Johanna Daniel est post-doctorante au Service numérique de la recherche depuis novembre 2025. Son projet post-doctoral porte sur les usages numériques en histoire de l’art, et sur les pratiques d’annotations visuelles. Au sein du DER, elle organise le séminaire « Annotation visuelle avancée pour l’histoire de l’art et l’archéologie ».

Elle est également la cheffe de projet pour la rédaction du guide méthodologique accompagnant la mise en œuvre de l’article 28 de la loi pour la programmation de la recherche, relatif à l’utilisation d’images dans les publications scientifiques en accès ouvert. Dans ce cadre, elle co-pilote un groupe de travail au sein d’Ouvrir la Science.

Parallèlement, elle enseigne à l’École du Louvre, où elle est chargée des travaux pratiques de la spécialité estampe depuis 2014, des cours magistraux de technique de l’estampe en troisième année depuis 2021. Elle coordonne également le séminaire transverse de master 2 consacré à l’Open Content, aux institutions muséales et à Wikipédia.

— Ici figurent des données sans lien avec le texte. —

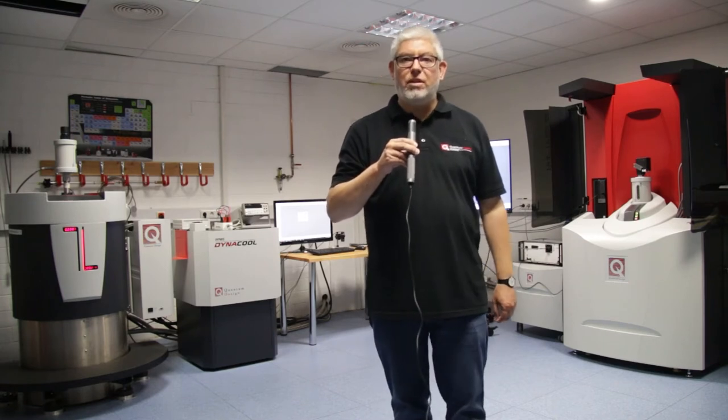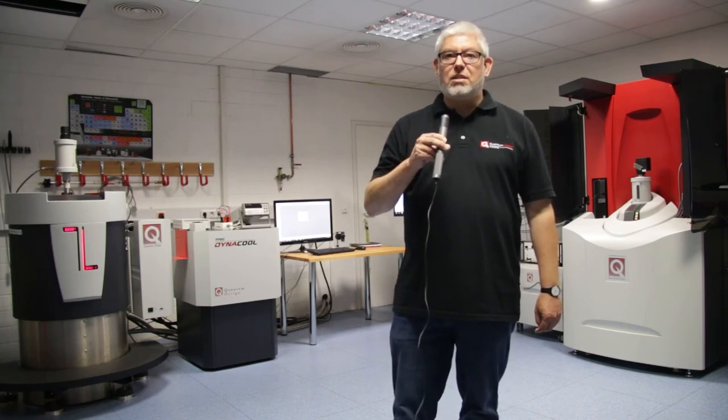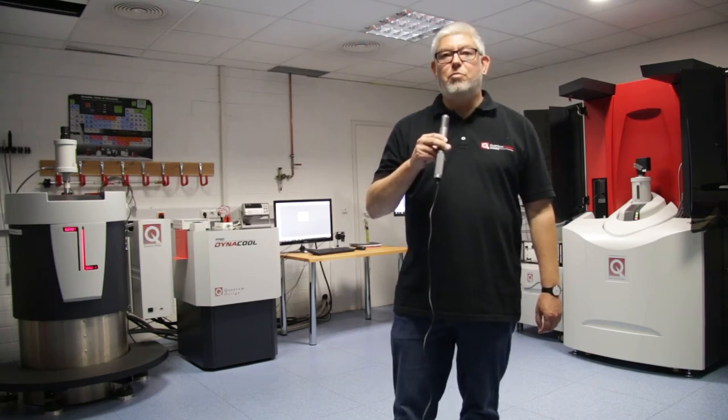VSM — vibrating sample magnetometer — was invented by Simon Foner in the late 1950s. It combines the speed of a sinusoidal sample movement with lock-in analysis technology.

Antérieurement, Johanna Daniel a été ingénieure de recherche sur l’ANR Fablight – La fabrique de l’éclairage dans les arts visuels au temps des Lumières (2024-2025). Chargée d’études et de recherche à l’INHA de 2019 à 2023, elle a notamment contribué au projet Images/Usages dirigé par Martine Denoyelle et au programme Chorégraphies. Écriture et dessin, signe et image dans les processus de création et de transmission chorégraphiques (XVe-XXIe siècles) dirigé par Pauline Chevalier. Elle a participé à la création de la base de données documentant la production de contredanses gravées à Paris dans la seconde moitié du XVIIIe siècle. En lien avec ce projet, elle a été lauréate de la Mary Ann O’Brian Malkin Research Award délivrée par l’université de Penn State.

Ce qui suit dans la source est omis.